Integrating Oracle ERP Cloud with China’s Golden Tax Rule

Since China implemented the “Golden Tax”, compliance with the policy has been essential for any business that wants to operate in the country. For companies that rely on Oracle ERP Cloud solutions, one of the biggest hurdles has been how to effectively satisfy Golden Tax requirements with your Enterprise Resource Planning (ERP).

By integrating your ERP with the Golden Tax, you will experience numerous benefits.

What is the Golden Tax?

The Golden Tax system is a nationwide value-added tax (VAT) monitoring system that all businesses operating in mainland China are required to use. This system is centralized and invoices can only be issued using government-approved printers and software.

All VAT invoices must be approved and the government controls their issuance. These approved invoices are called “fapiaos” and they allow China to track VAT payments and compliance, while also providing a proof-of-purchase for goods and services.
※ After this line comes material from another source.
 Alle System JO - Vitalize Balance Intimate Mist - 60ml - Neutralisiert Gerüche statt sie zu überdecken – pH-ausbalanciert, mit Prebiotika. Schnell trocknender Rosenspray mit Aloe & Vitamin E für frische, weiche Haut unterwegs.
There are two types of fapiaos:

General VAT Fapiao

This is issued as evidence of payment. This invoice type does not allow for VAT deduction and is typically used for business to consumer (B2C), sales that involve end-user consumers, and tax-free transactions. Since the general VAT invoice is simpler than the special VAT invoice (below), this process for electronic issuance has been available for several years.

Special VAT Fapiao

This type of fapiao, on the other hand, is issued by general taxpayers to customers who are selling commodities or providing taxable services. This includes transactions like sales to manufacturers or to distributors who will resell the product.

How Does Integration Work with Oracle ERP Cloud?

When CTR integrates your ERP with Golden Tax, we will take your output from Oracle and then programmatically supplement it with key information that Oracle does not collect, but is required by China. From there, we import it back into Oracle and run a standard Oracle process to export it to an authorized Golden Tax service provider, such as Aisino. The service provider processes it further and sends back a file with validated VAT assessments for the AR invoices. This file is then put into Oracle and reconciled with what was originally generated.

Since Oracle does not capture either type of fapiao in its AR systems, this determines taxability for you. This is critical for your business because failing to produce a fapiao when requested is considered an illegal act in China. In other words, you have no choice but to do this if you wish to conduct business in China. The question is whether you do it manually or automatically and that is usually determined by the volume of transactions. 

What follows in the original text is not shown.